Full parallel build with ccache

master

mbland-makefiles-00

Comparison

More obviously so, the single-makefile parallel build with ccache is faster. These kinds of results are really encouraging: ccache can do its job better, work in parallel, and cut build time in half on an already quick build.

Specs

~$ gcc -v
Using built-in specs.
COLLECT_GCC=gcc
COLLECT_LTO_WRAPPER=/usr/lib/gcc/x86_64-unknown-linux-gnu/4.9.1/lto-wrapper
Target: x86_64-unknown-linux-gnu
Configured with: /build/gcc/src/gcc-4.9.1/configure --prefix=/usr
--libdir=/usr/lib --libexecdir=/usr/lib --mandir=/usr/share/man
--infodir=/usr/share/info --with-bugurl=https://bugs.archlinux.org/
--enable-languages=c,c++,ada,fortran,go,lto,objc,obj-c++ --enable-shared
--enable-threads=posix --with-system-zlib --enable-__cxa_atexit
--disable-libunwind-exceptions --enable-clocale=gnu --disable-libstdcxx-pch
--disable-libssp --enable-gnu-unique-object --enable-linker-build-id
--enable-cloog-backend=isl --disable-isl-version-check
--disable-cloog-version-check --enable-lto --enable-plugin
--enable-install-libiberty --with-linker-hash-style=gnu --disable-multilib
--disable-werror --enable-checking=release
Thread model: posix
gcc version 4.9.1 (GCC) 
$ ccache -V | head -n1
ccache version 3.1.9
$ uname -a
Linux dionysus 3.16.1-1-ARCH #1 SMP PREEMPT Thu Aug 14 07:40:19 CEST 2014 x86_64 GNU/Linux
$ cat /proc/meminfo | head -n1
MemTotal:        7952408 kB
$ cat /proc/cpuinfo | egrep "(model name|cache size|cpu cores)" | head -n3
model name	: Intel(R) Core(TM) i7-2620M CPU @ 2.70GHz
cache size	: 4096 KB
cpu cores	: 2

Complications

Conclusion

As far as I can tell, Mike’s makefile refactoring has definitely achieved a ~40% speedup for parallel builds of OpenSSL, even without ccache. That’s an 81 second build time versus a 48 second build time.
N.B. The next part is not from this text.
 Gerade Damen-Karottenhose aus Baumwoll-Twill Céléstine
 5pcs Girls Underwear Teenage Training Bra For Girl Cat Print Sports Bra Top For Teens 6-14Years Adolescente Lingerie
As one StackOverflow member writes:2

I believe Caper Jones discussed some studies in which anything greater than a 1 second delay broke people out of the zone (my gist), and that the time / productivity lost due to that small delay was really an order of magnitude larger than it appeared.

If torial is correct in saying that, then build times really do have a significant impact on developers. Which makes this a big deal.

Mike has a pull request for these changes pending on GitHub.


  1. When I originally reported my results on openssl-dev, I just provided the ccache data without even realizing I had been using it. Aside from slight embarrassment on my part, that shouldn’t take away form the results.

  2. I’ve quoted that build time/dev performance statistic in other contexts as well. It really rings true to me.